Admittedly mine is a low-light tank. 40 watts of regular florescent light for a 29-gallon tank. Ammonia and nitrites are 0. Nitrates 20. PH is about 7.8. I assume substrate (plain gravel) is not a factor.

So what happens? Why does the hornwort flourish at first and then die out? Is it the low light, or nutrients being depleted. What can I do to keep the hornwort growing? Thanks for any help you can provide.


----------



## jaybird002 (May 12, 2006)

Every time I buy a bunch of hornwort, the same thing happens. It grows beautifully for the first few weeks or months. Long, graceful stems, leaves close together. Then it gets clogged with algae and growth slows. Stems get spindly, with more space between the clusters of leaves. I take out the algae-clogged portions, hoping the others will grow. After a while they don't. Finally needles start falling out and I have to throw the whole thing away.
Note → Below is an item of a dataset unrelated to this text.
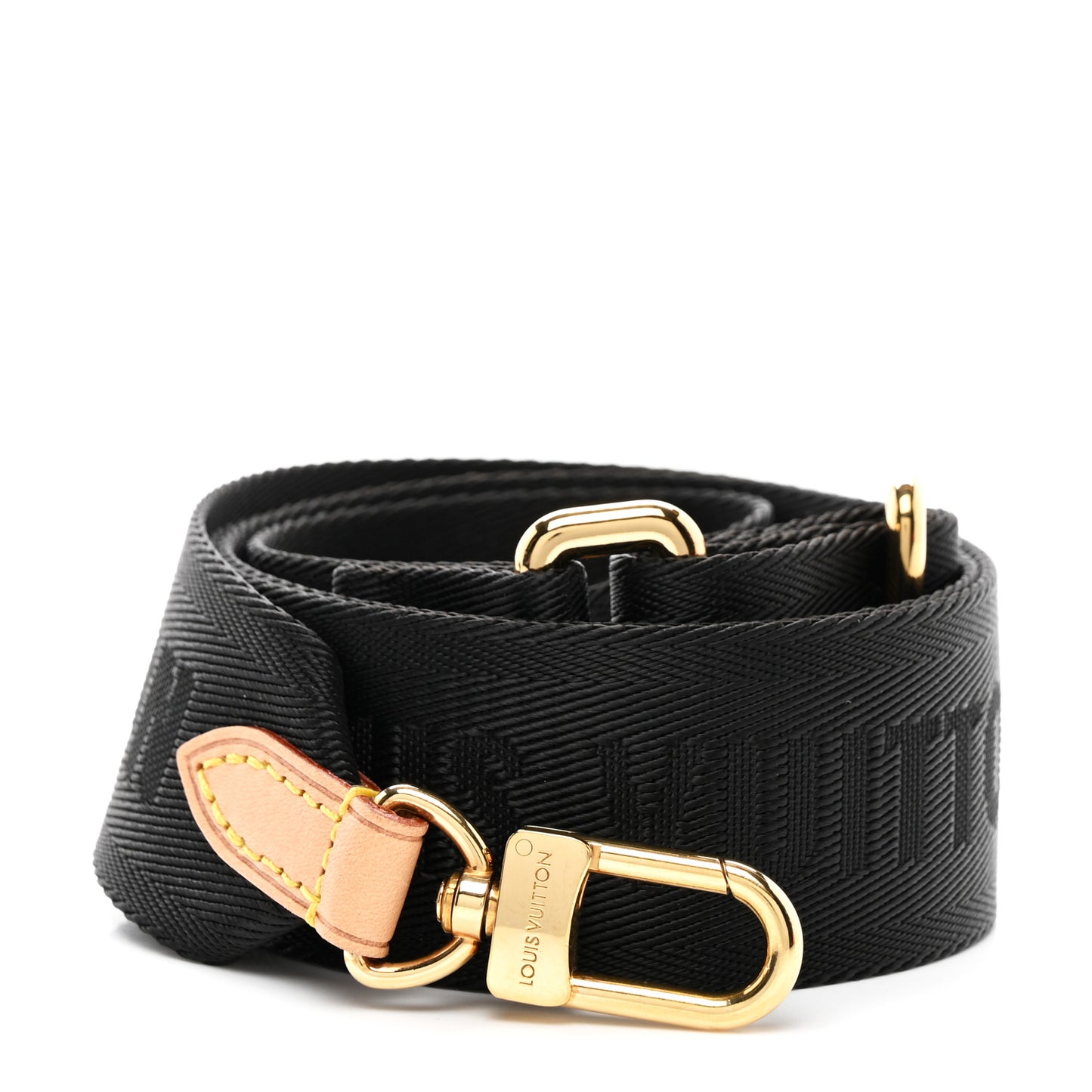 Monogram Multi Pochette Accessories Bandouliere Shoulder Strap Black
Admittedly mine is a low-light tank. 40 watts of regular florescent light for a 29-gallon tank. Ammonia and nitrites are 0. Nitrates 20. PH is about 7.8. I assume substrate (plain gravel) is not a factor.

So what happens? Why does the hornwort flourish at first and then die out? Is it the low light, or nutrients being depleted. What can I do to keep the hornwort growing? Thanks for any help you can provide.


----------



## Sultanita (Feb 24, 2005)

My two cents, for whatever they are worth, as I am extremely amateur.

From what i understand, (which is not much, mind you), 40W in 29 gal is not enough light. You would typically need about 60W (2WPG rule). I would try to experiment with a little bit more light... if i understand correctly, good lighting helps with the control of algae, too.

Another thing, since this happened to me from experience, is the hornwort really an underwater plant?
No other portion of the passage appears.